Note that v5 is listed before v7. Based on the current matching, it will favor the v5 image because it doesn’t consider the variant.

@yosifkit

v6l is not part of the OCI image specification, so it should not be used.

Indeed, we should not. I agree.

Since it should work with both v6 and v7 and it doesn’t, for almost 3 years. I understand that it’s more to the ARM problem rather than Docker’s multi-arch detection functionality.

I just needed a stable(?) workaround to make a single Dockerfile for both architectures until this issue gets solved. But I should’ve mentioned that. Thanks, I will add a note to my post.

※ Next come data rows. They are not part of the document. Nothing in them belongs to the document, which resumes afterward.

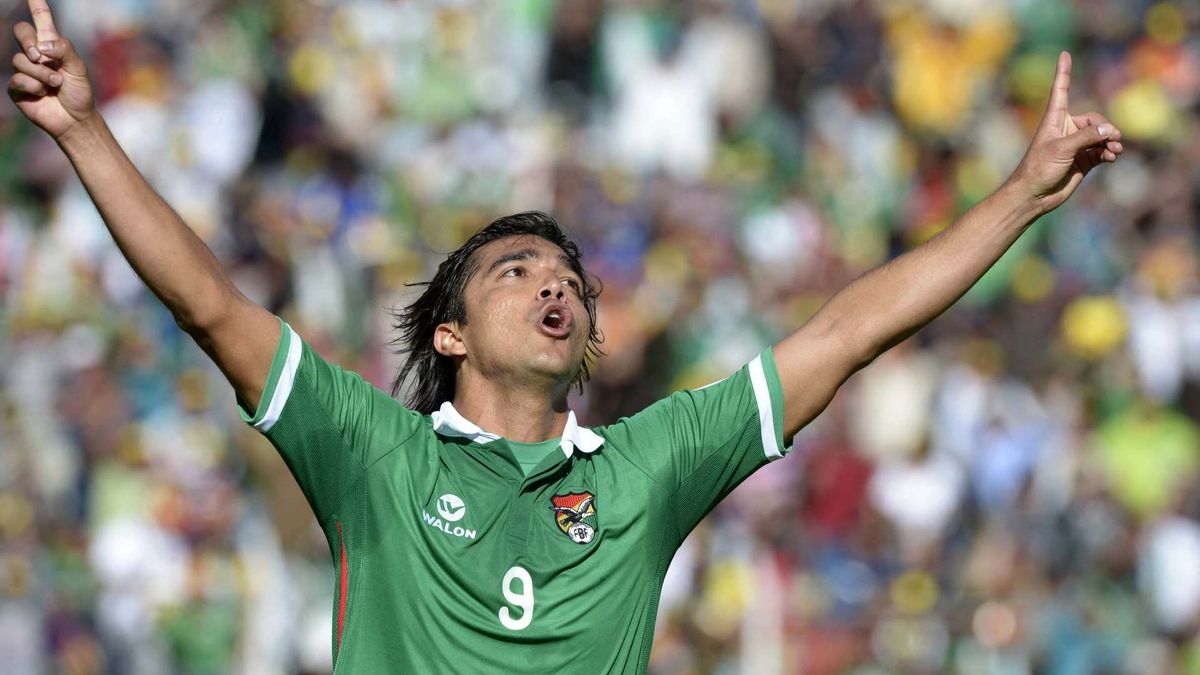 Marcelo Moreno Martins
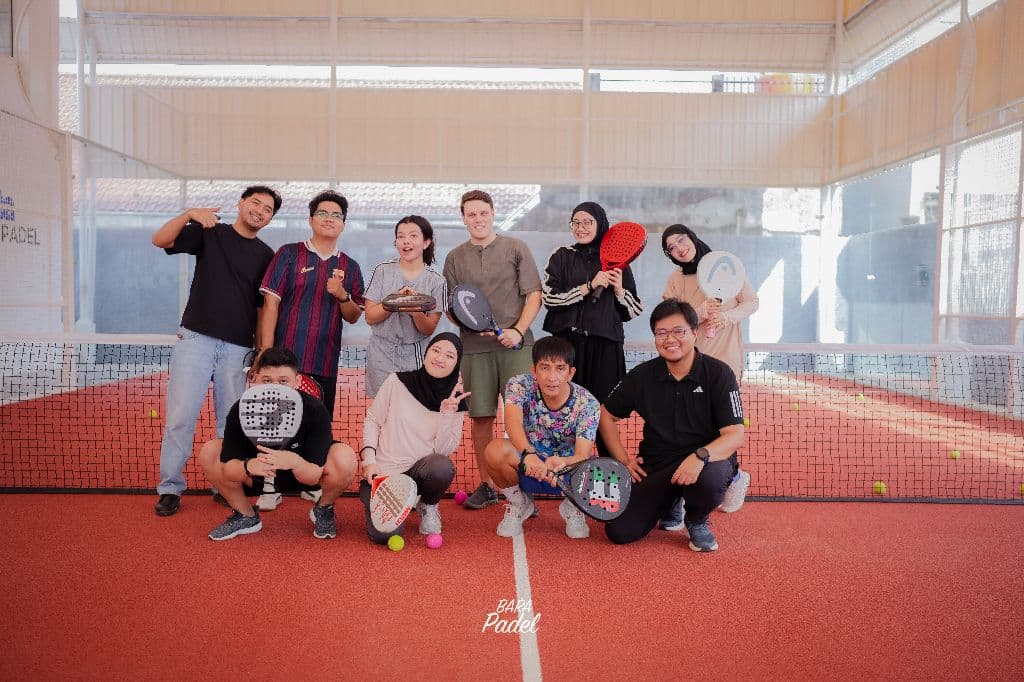 YuZi Padel media 4
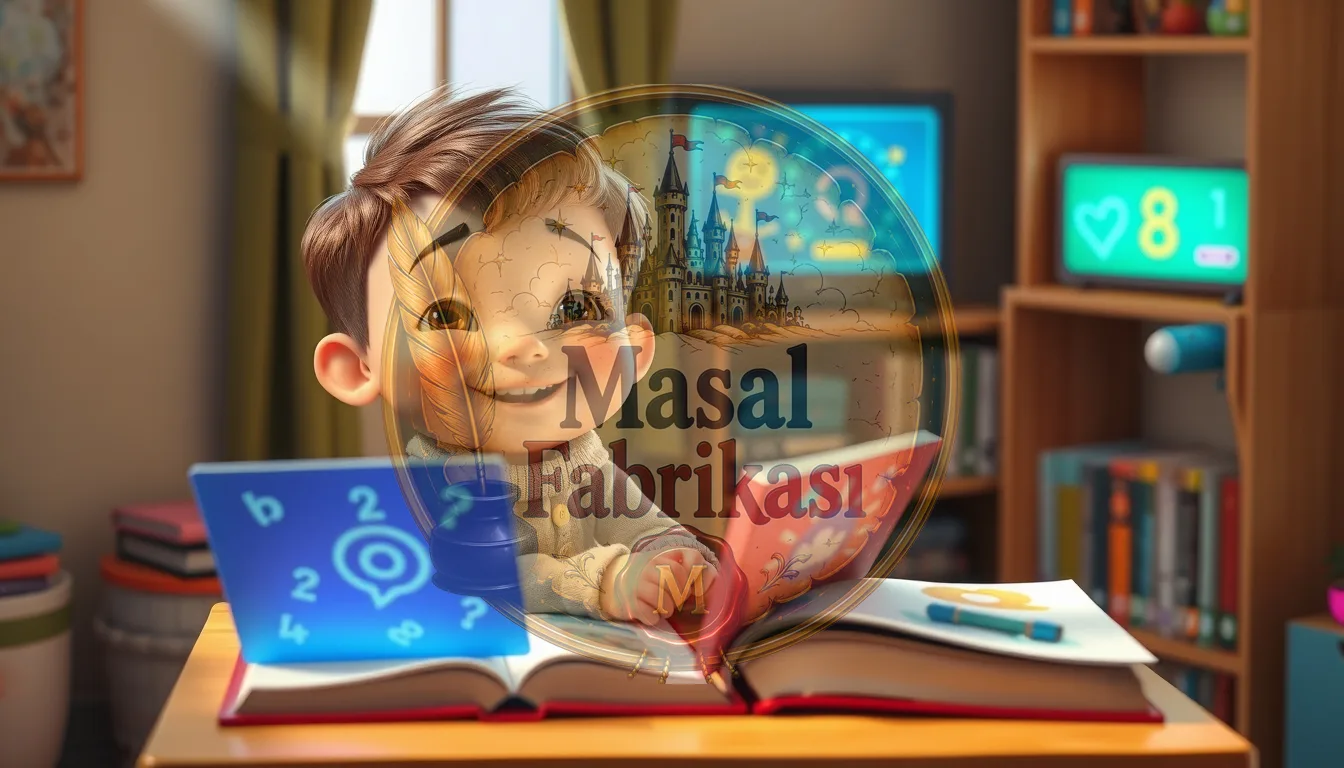 Masal API Entegrasyonunda PHP ve OpenAI ile Ölçeklenebilir ve Modüler Masal Üretim Kılavuzu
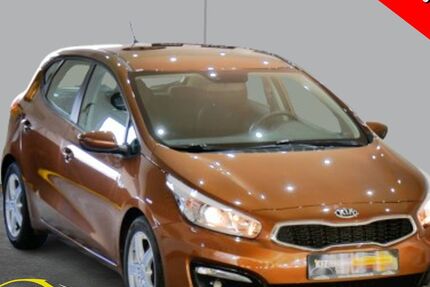 Kia ceed / Ceed 97.032 km 8.990 &euro; Neustadt 92660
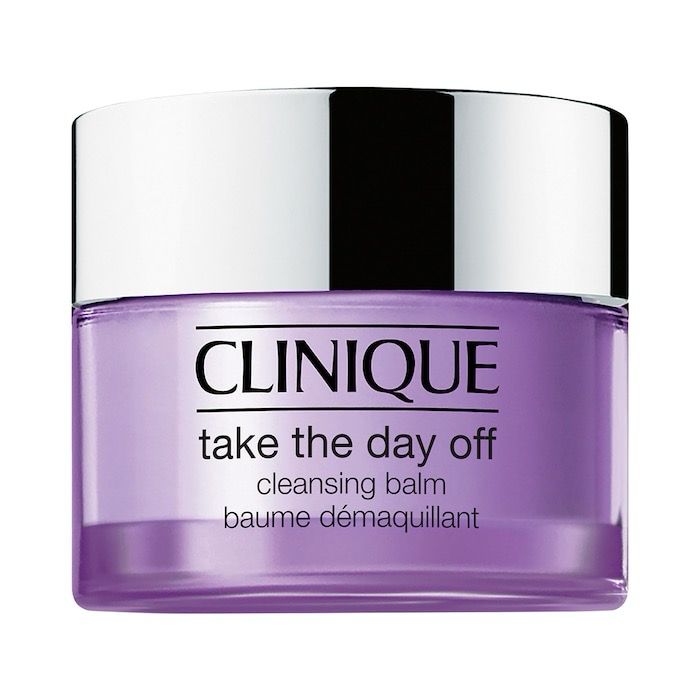 CLINIQUE - Take The Day Off Cleansing Balm Makeup Remover | 30 mL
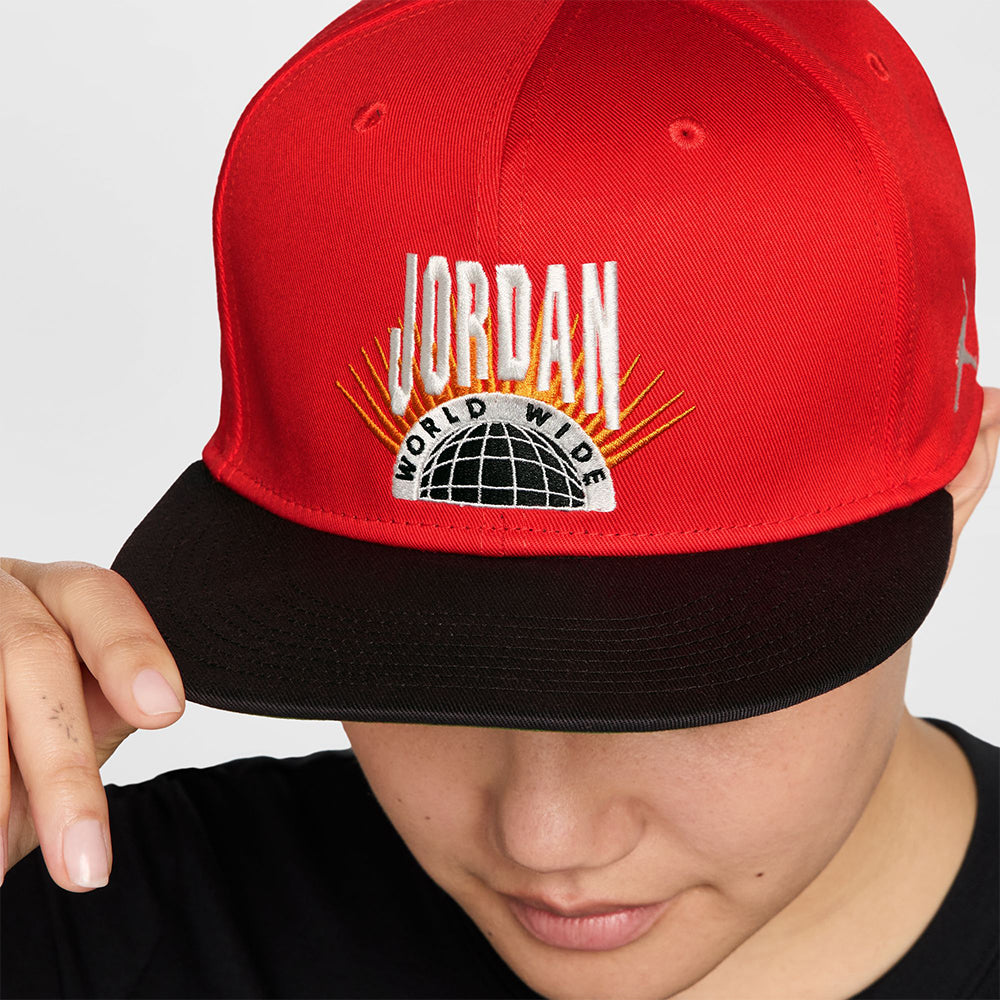 NIKE Jordan Essentials Pro Unisex Cap - Supersports Thailand Supersports Thailand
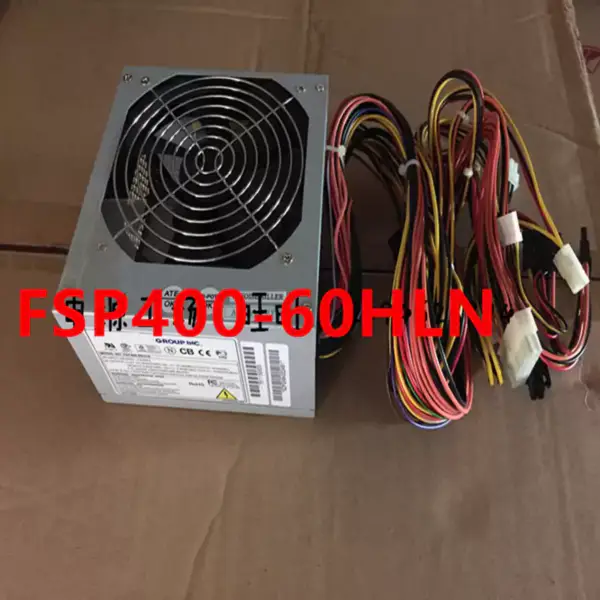 PSU For FSP 400W Switching Power Supply FSP400-60HLN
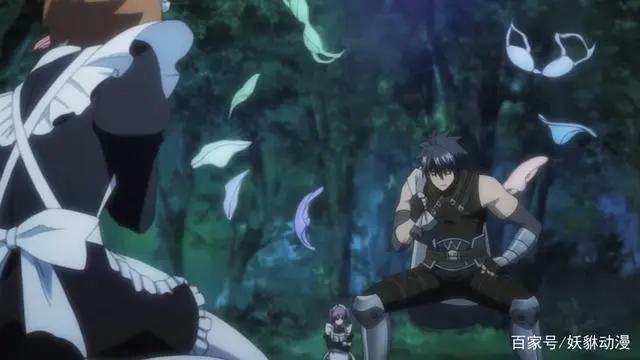 这3部新番动漫奇幻、热血，有魔法、有神魔、有社交，你看过吗？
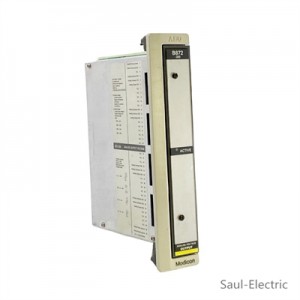 Schneider AS-B872-200 Analog Output Module Fast worldwide delivery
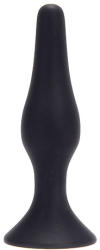 Toyz4Lovers Анален разширител от мед. силикон Bottle large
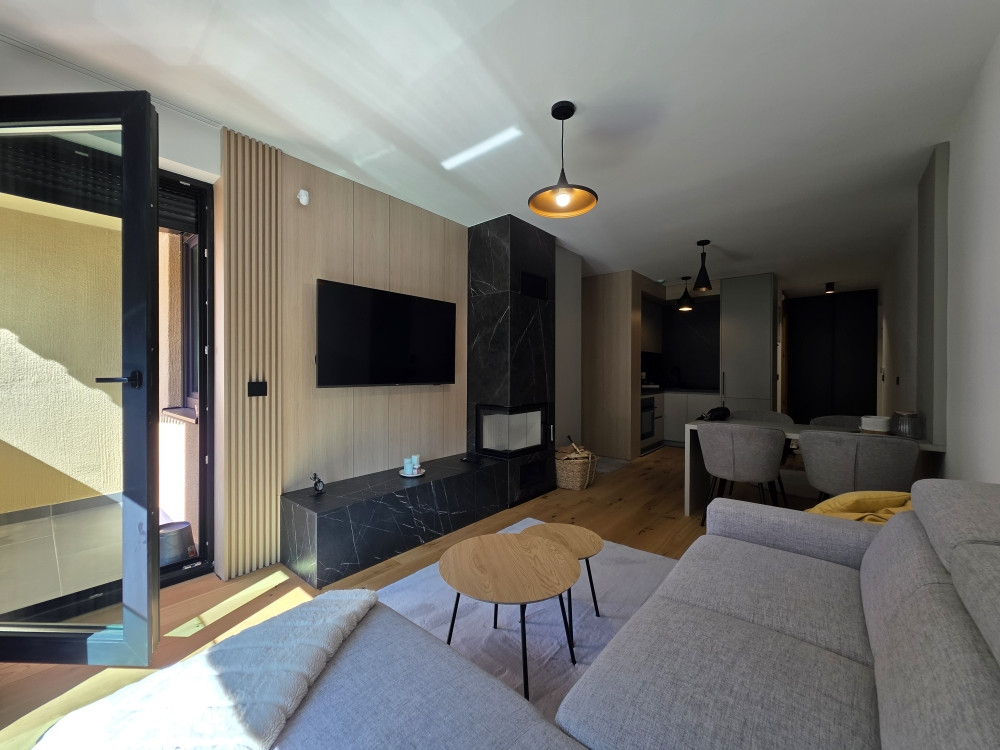 Prodaja apartman Bjelašnica nov trosoban 18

A variant value of v6l is not part of the OCI image specification, so it should not be used. v6 is the proper value for all Armv6 devices.

F.Y.I.

Hi, here’s a little hack/tip for those who want to create a single but multi-arch manifest list that is compatible with both ARMv6 and ARMv7 (such as RaspberryPi ZeroW and RPi3B+).

  • TL; DR

    • Re-write the variant value of the manifest from v6 to v6l and v7 to v7l for each architecture in the manifest list,
  • TS; DR

$ # Your base image name for multi-arch manifest list
$ name_base=keinos/alpine

$ # Name of the manifest list, the image name with "latest" tag
$ name_manifest_list="${name_base}:latest"

$ # List of images to include in "latest" manifest list
$ name_manifest_v6="${name_base}:armv6"
$ name_manifest_v7="${name_base}:armv7"

$ # Pull your built images for each architecture w/it's manifest
$ docker pull $name_manifest_v6
$ docker pull $name_manifest_v7

$ # Make a manifest list for "latest" tag and pray
$ docker manifest create $name_manifest_list \
     $name_manifest_v6 \
     $name_manifest_v7 \
     --amend

$ # Re-write variant value to "v6l"
$ docker manifest annotate $name_manifest_list $name_manifest_v6 --variant v6l

$ # Re-write variant value to "v7l"
$ docker manifest annotate $name_manifest_list $name_manifest_v7 --variant v7l

$ # Push
$ docker push $name_manifest_list --purge

This image should work on: RPi Zero(ARMv6), RPi 3B+(ARMv7), macOS(Intel), Win10(Intel), and Linux(Intel) machines.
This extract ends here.